● **Data for the task**:
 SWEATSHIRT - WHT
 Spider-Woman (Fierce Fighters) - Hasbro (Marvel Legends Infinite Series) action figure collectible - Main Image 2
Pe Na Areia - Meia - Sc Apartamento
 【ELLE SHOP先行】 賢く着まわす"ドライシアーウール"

--

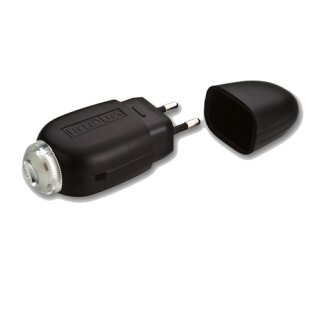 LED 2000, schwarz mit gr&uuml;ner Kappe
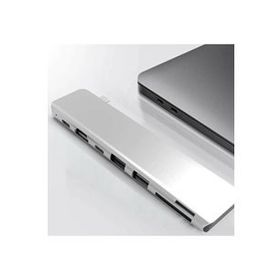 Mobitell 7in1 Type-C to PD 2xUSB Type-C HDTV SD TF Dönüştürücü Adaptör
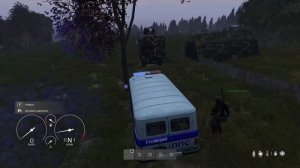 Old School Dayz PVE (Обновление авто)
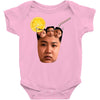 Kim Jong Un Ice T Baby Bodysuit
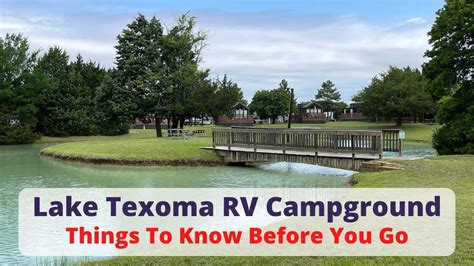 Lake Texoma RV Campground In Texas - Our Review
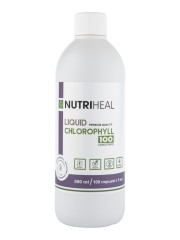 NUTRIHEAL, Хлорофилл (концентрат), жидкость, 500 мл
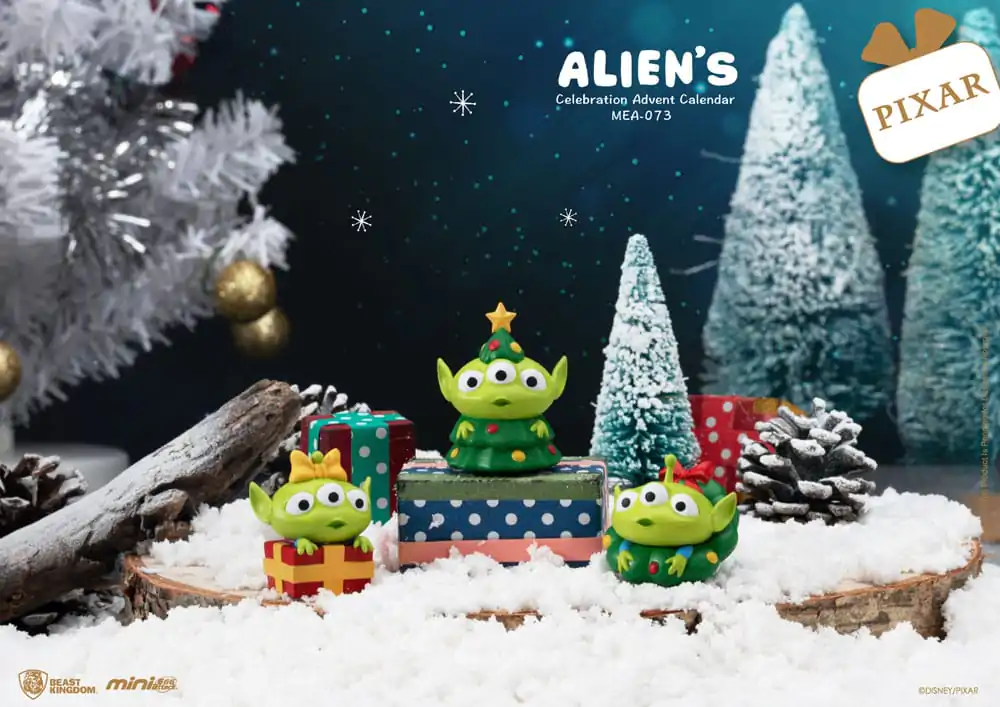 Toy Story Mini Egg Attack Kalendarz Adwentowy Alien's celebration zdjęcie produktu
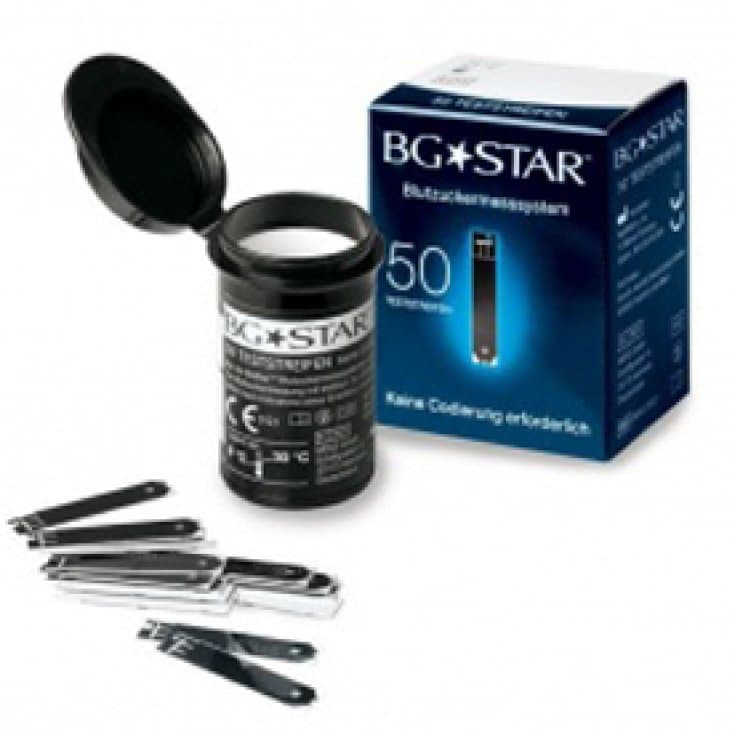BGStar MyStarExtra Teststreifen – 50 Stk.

* * *

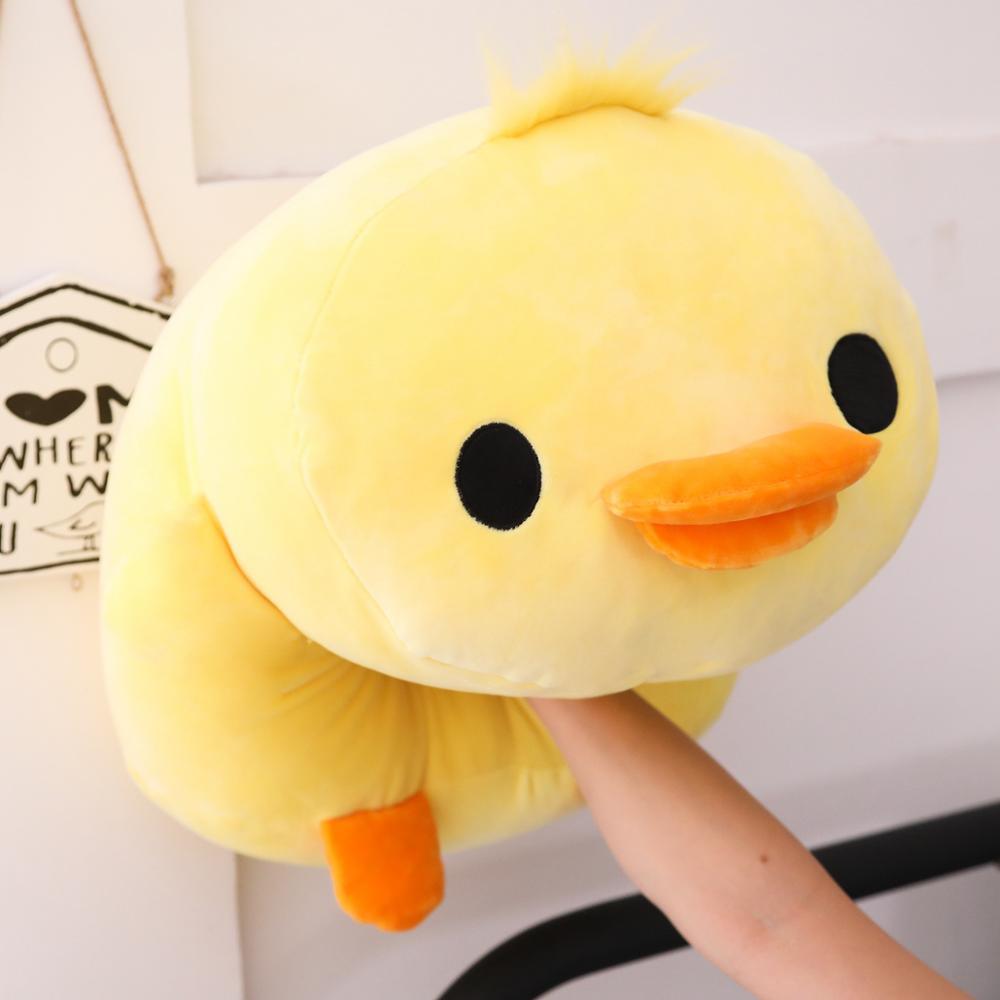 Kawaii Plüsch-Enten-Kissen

● **Task**: Restate word for word the lines of the data above that begin at the line with "Old School Dayz PVE (Обновление авто)" and end at the line with "BGStar MyStarExtra Teststreifen – 50 Stk.", keeping both ends and dropping every picture.

● **Response area**:
 Old School Dayz PVE (Обновление авто)
 Kim Jong Un Ice T Baby Bodysuit
 Lake Texoma RV Campground In Texas - Our Review
 NUTRIHEAL, Хлорофилл (концентрат), жидкость, 500 мл
 Toy Story Mini Egg Attack Kalendarz Adwentowy Alien's celebration zdjęcie produktu
BGStar MyStarExtra Teststreifen – 50 Stk.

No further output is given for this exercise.